- [Information provided]:
================================

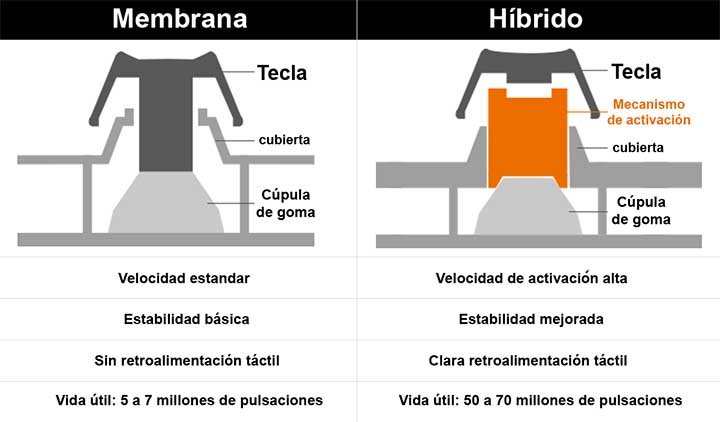 teclados de membrana vs hibridos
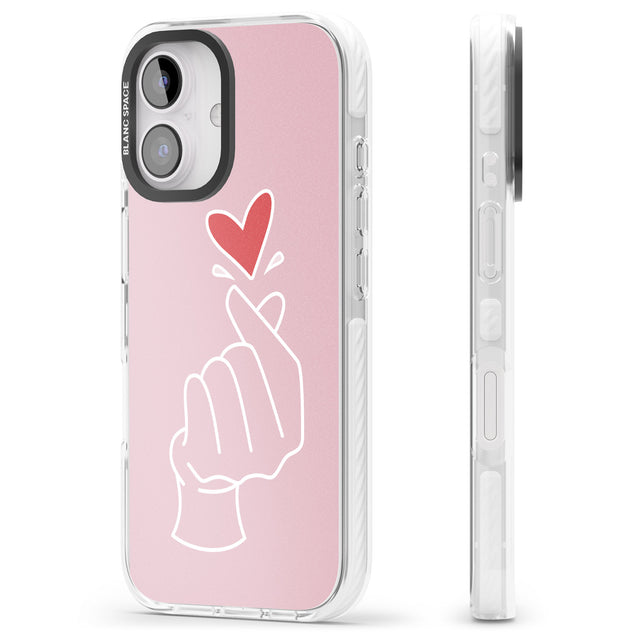 iPhone 16 Pro Max Pink Finger Heart Black Impact Phone Case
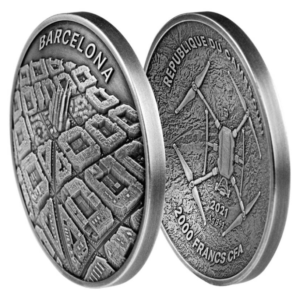 2021 Cameroon Barcelona – Labyrinth From Drone Eye View 2oz Silver Antique Finish Proof Coin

================================

Would you copy each line above exactly as given, dropping any images?

- [Solution]:
 teclados de membrana vs hibridos
 iPhone 16 Pro Max Pink Finger Heart Black Impact Phone Case
 2021 Cameroon Barcelona – Labyrinth From Drone Eye View 2oz Silver Antique Finish Proof Coin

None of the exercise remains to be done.